1\. The bathroom door was somehow unnaturally bent backward, it really was the
only thing that clicked instantly (even in 144p!) [Perhaps its just me :/ ]

2\. Near the end of the video, the hallway was a bit too dark, global lights
suddenly dimmed, the transition was unnatural (slightly ..), but it is not as
noticeable as point no1.

3\. From a artistic point of you, I would have preferred if the sofa in the
second room (living room) would have had a slight shade of yellow (sun
effect).. just a tiny bit to separate it from the bedroom scene. The reason I
feel is perhaps because of nature of both rooms, Bedrooms have a blue sleepy
appeal, living room are a bit cheerful, and since here the source of light was
sun, it should have had that warm hue for the sense of realism to be even
better. The other reason is perhaps because the set contains only 3-4 rooms
plus lobby, that slight tone of diversity would have had a profound artistic
uplift.

PS: Please take it as just feedback, and not as criticism.

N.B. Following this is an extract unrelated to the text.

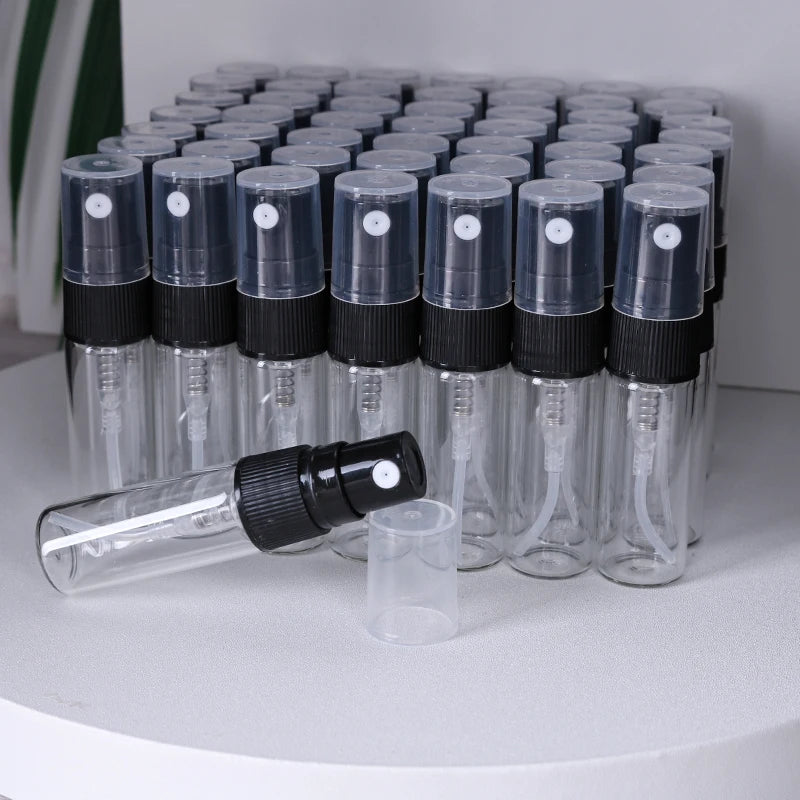 50/batch 3ml High Quality Clear Glass Perfume Bottle Ultra Fine Mist Moisturizing Spray Bottle Mini Cologne Perfume Bottle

Dude! I can't even
though half of that.. so salute to you and best of luck :)

Love from India ~

------
sebular
I've seen some beautiful UE4 screenshots and well-composed videos, but this
was the first video I've seen of someone just walking through a scene with a
controller, and it blew me away.

------
jongala
I love it. Ever since I saw a recreation of Fallingwater in the Half Life
engine (1), I thought this would be the future of architectural design (or at
least delivering design to clients). Is this becoming common now?

(1)
[https://www.youtube.com/watch?v=Tqsk4WARk2I](https://www.youtube.com/watch?v=Tqsk4WARk2I)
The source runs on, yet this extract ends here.